Following the ruling against CU-Boulder, CSU officials said campus presidents would go back to the drawing board and construct laws that fell in line with state law, according to reporting by the Collegian.
My hope is that the BOG recognizes the outrage and consternation demonstrated by the CSU students as undeniable evidence that we did not come to Fort Collins to be sheep; we came here to be Rams.
Despite the faculty and public safety team –– both of whom recommended banning weapons –– apparently feeling they were making decisions that would be accepted by a student populace that had clearly drifted to the left for the 2008 election, the student body recognized the threat presented by a gun-free zone and made its collective anger known.
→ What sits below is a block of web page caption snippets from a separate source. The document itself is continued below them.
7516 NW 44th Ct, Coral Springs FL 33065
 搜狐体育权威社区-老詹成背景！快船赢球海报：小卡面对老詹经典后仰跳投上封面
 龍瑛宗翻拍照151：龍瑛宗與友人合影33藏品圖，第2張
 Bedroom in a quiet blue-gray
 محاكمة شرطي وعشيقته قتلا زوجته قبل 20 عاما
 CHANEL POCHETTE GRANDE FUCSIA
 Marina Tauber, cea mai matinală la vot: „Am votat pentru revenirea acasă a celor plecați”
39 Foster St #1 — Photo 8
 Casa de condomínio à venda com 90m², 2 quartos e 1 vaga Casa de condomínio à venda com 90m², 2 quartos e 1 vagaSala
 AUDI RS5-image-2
What gun control advocates do not seem to comprehend about gun free zones is active shooters simply do not care about the ban on firearms.
As a result, if a licensed concealed permit holder were in a classroom or building attacked by an active shooter, there might be a chance of terminating the incident without even needing to fire a shot.
Professor Richard Eykholt responded to a similar claim made by students during the fall semester: “If you have a classroom situation where somebody starts shooting and other people are shooting back, there is a real opportunity there for more bystanders to be injured,” he said.
Well professor, since we obviously can’t use your superior intellect to help us off Gilligan’s Island, perhaps you can tell me approximately how many students will be injured or killed when an active shooter enters a gun free zone?
My guess – based only on recent American history, facts and logic –– is, a lot.
What the student body really needs to take from this is that the administration, the Board of Governors, the Public Safety Team and the faculty, have zero interest in what the student body has to say about pretty much anything.
They ignored the 21-3 vote by student government’s Senate to uphold the concealed carry policy; they ignored the protests; they ignored the petitions.
When it came down to it, they only cared they were going to lose a very public lawsuit on a completely frivolous policy.
So where do we go from here? Well, sadly, it appears if the law is not entirely clear on a policy proposed by theBOG, as it argued was the case with conflicting state laws in the case of the gun ban. It will move forward on the policy despite the concerns of the students or students’ parents.
This means CSU’s bureaucracy potentially threatens all student freedoms. My fear is the only reconciliation available to students moving forward on any of issue of rights is to immediately seek legal counsel and file a lawsuit.
The student outcry against this policy was overwhelmingly in support of allowing concealed carry on campus. We had the facts, we had the arguments, we had the history and we had the popular support.
Ultimately, the student body should make decisions affecting the student body; not a geographically separated group of adults unconcerned with the desires of the student body.
At the end of this fight, the system worked. We didn’t turn the other cheek and forget this was happening. We galvanized, we played the game and we came out on top.
Enjoy your summer, CSU. When we come back next fall, we will still have some line of defense between all of us and an active shooter. Well played. Today, I’m proud to be a CSU Ram.